Statistician have figured out a way to calculate a numerical representation for the confidence that the population (i.e. the millions of visitors our site will see in the future) will show an increased conversion if the sample (i.e. the thousands of visitors that have hit the test site so far) shows an increase. Though we have this reliable, albeit complex, formula for the confidence number (using a 2-proportion z-test, or an online calculator), explaining what this number means to the rest of my team hasn’t always been easy. How would you interpret: “We saw a 30% increase in sign ups and we’re only 90% confident there is an increase.” What this means is that if we ran this test 100 times, we’d expect in 90 cases to see an increase (though not necessarily a 30% increase) and in the other 10 cases to see a decrease or no change.
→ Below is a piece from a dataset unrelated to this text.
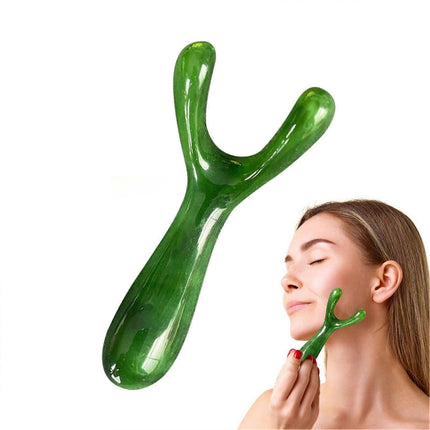 Resin Nose Guasha Tool, Portable Nose Lifting & Shaping Facial Massage Clip for Women, Green.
For some organizations, this would be enough confidence to make the test site the actual site for everyone, for others, it wouldn’t. The decision of what confidence level to use comes down to a trade off of speed and certainty.
Unlike coin flipping, though, recreating the experiment over and over again would take too long and negate most of the gains we expect from A/B testing. So it is difficult for some to internalize what this confidence level represents. Many people, especially those that are risk-averse, don’t like dealing with probabilities and will keep asking for more data. But you’ll never be 100% certain that the test site is better converting than the current site. So at some point you need to stop collecting data and make a decision.
What I’ve found to be a useful aid in getting many of the risk-averse types to accept some risk has been to overlay confidence areas in the time series chart like so:
My team has dubbed this a “Sunrise Chart” (yeah, I’ve never seen a green sky during a sunrise either, but you get the picture). The solid black line and dashed blue line are the same as in the previous chart and the colored bands represent confidence levels. If the test line veers into the green area we have a 90% level of confidence that the test site out-converts the current site.
Many of the less technically-inclined members of my team find that this chart makes sense on a more intuitive level than a statement like: “We saw a 30% increase in sign ups and we’re 90% confident there is an increase.” The chart shows this same information, but it also shows two other things. First, the random day-to-day fluctuations in conversion rate average out and the rates stabilize over time. When people see more stable conversion rates, they are more inclined to feel confident in the difference they see. Second, this chart shows that as we collect more data over time, a smaller and smaller increase is needed to reach a specific confidence level. This is essentially the same piece of information as seeing the conversion rates stabilize, but since these confidence bands are generated from a complex mathematical formula, it gives some peace of mind that the underlying math is jibes with their gut.
To wrap things up, at PBworks we believe that A/B testing is an important tool to develop the most relevant software for our customers. However, when experimenting, it is not enough to simply compare the conversion rates of the test site with the current site. We want some level of certainty that if we do see an increase, it is not simply due to a lucky draw. That is where confidence levels come into play. Finally, and perhaps most importantly, it’s not enough for just the technically inclined to “get it” with a statistical analysis of the results. Rather the whole team needs to be on board with the decisions that result from the experiment, so everyone needs to be comfortable with the analysis. This is when Sunrise Charts can be a valuable aid.